中島敦 南洋日記 二月六日
二月六日(金) 晴 ペリリユウ
昨夜眠れず。校長の家の萬年床の臭きがためか。二時間目、國語授業見學。三時間目、學藝會練習見物。一年生のネズミのチヱの小鼠共面白し。その他モモタラウ等。四時間目、到頭一寸した話をさせられる。

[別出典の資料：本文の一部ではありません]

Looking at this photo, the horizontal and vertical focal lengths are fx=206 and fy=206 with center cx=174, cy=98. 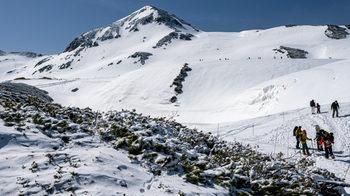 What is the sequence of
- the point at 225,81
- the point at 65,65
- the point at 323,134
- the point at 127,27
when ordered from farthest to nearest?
the point at 127,27, the point at 65,65, the point at 225,81, the point at 323,134

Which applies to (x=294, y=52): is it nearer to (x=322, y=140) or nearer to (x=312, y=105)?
(x=312, y=105)

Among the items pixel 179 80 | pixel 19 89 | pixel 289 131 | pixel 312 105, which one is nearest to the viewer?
pixel 19 89

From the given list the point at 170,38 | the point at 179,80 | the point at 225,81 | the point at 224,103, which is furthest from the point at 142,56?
the point at 224,103

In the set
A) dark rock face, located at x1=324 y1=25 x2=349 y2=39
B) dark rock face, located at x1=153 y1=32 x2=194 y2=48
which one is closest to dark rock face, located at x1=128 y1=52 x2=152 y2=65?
dark rock face, located at x1=153 y1=32 x2=194 y2=48

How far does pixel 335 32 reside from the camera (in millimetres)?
62750

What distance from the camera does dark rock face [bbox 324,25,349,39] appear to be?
60469mm

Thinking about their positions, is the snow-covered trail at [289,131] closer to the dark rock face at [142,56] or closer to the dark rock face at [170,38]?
the dark rock face at [142,56]

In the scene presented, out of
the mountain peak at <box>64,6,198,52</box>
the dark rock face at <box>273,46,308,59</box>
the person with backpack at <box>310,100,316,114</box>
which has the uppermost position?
the mountain peak at <box>64,6,198,52</box>

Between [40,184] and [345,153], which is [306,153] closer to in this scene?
[345,153]

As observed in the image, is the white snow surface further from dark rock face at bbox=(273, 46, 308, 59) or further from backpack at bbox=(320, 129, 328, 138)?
dark rock face at bbox=(273, 46, 308, 59)

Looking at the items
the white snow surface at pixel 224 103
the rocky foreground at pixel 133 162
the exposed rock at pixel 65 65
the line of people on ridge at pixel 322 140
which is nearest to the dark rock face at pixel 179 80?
the white snow surface at pixel 224 103

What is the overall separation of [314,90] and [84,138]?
24451 mm

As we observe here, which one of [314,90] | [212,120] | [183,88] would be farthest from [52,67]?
[314,90]

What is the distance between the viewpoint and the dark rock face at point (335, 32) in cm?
6047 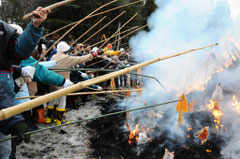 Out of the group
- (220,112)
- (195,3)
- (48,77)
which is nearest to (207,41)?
(195,3)

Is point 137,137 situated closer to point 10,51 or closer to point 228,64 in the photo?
point 10,51

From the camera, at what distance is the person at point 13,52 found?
167 centimetres

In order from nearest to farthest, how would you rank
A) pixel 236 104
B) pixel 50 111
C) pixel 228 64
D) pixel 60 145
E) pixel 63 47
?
1. pixel 60 145
2. pixel 63 47
3. pixel 50 111
4. pixel 236 104
5. pixel 228 64

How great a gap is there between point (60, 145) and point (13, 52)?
93.2 inches

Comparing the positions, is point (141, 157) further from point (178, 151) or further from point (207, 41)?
point (207, 41)

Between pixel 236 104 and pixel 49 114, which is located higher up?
pixel 236 104

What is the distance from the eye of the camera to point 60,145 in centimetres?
372

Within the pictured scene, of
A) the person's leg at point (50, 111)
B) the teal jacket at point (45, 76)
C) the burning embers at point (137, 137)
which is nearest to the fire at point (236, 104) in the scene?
the burning embers at point (137, 137)

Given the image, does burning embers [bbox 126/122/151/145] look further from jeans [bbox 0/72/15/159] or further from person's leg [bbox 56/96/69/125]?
jeans [bbox 0/72/15/159]

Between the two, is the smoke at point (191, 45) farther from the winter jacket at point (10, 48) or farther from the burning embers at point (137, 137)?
the winter jacket at point (10, 48)

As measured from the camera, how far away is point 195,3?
7.07 m

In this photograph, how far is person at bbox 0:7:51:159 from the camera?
1.67 meters

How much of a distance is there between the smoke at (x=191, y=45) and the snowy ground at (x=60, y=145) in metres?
1.59

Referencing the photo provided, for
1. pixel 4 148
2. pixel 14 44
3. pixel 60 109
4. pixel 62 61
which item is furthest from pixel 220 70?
pixel 4 148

午後、三年生シンイチなる者を案内にガルドロルク(ガルドローコ・)部落見學。電信隊を過ぎて、マングローブ多き海岸に出づ。海水赤黑し。水中の石の道を渡り、林の中を通りつて歸る。暑し。低空飛行。飛行機鳥。パンの木。實少し。鸚鵡のゐる村長の家。アバイ。人面の模樣。シンイチと戰爭の話をする。東京の話も。三時近く歸る。ひるね。夕方、生徒等、手に手に椰子蟹を提げつゝ來る。支廰の司法主任とか、他二三人と會食。雞と蟹、旨し。遲く風呂を貰ひに來るサーカスの親方。
[やぶちゃん注:「ネズミのチヱ」昔話らしいが不詳。
「シンイチ」日本名であるが、やはり現地の少年であろう。